Plot the values of k against your chosen measure of cluster "goodness" as a line plot with each point marked clearly.
Examining your plot, find the value of k that is closest to the "elbow"; that is where the plot changes directions most sharply. This point should look like the elbow on a bent arm.
The variable combinations are:

Gym time and average cups of coffee
Sleep and GPA
All numerical variables within students_info.csv
Part B
Given your plots above, how many clusters do our students fall into. You must choose one number and justify your choice.

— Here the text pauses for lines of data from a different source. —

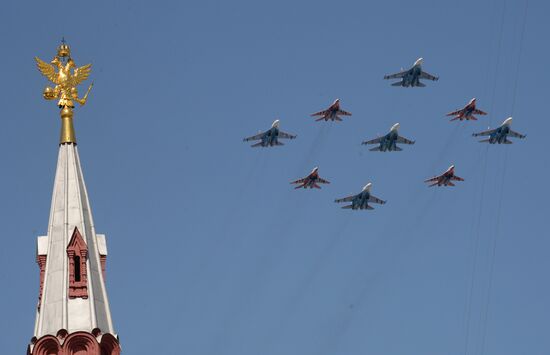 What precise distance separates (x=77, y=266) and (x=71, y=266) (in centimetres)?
44

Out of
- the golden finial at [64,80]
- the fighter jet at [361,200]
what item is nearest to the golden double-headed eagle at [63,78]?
the golden finial at [64,80]

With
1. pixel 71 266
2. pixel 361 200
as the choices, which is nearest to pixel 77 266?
pixel 71 266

Question 3: Limitations of k-means
When working with a new method, we need to explore its limitations. For this question, we explore if k-means can work on all data. Considering three kinds of data, please explain if k-means can work on it. If you believe that it can, explain; and if not, offer a counter example.

Numerical variables: data that is just numbers, such as human height or outdoor temperature
Categorical variables: data that is based on categories or classes, such as coffee/tea preferences or favorite color
Ordinal variables: data that is categorical with an agreed upon ordering such as birth month or seasons
For each type, would k-means work? If yes, explain why. If not, provide a counter example.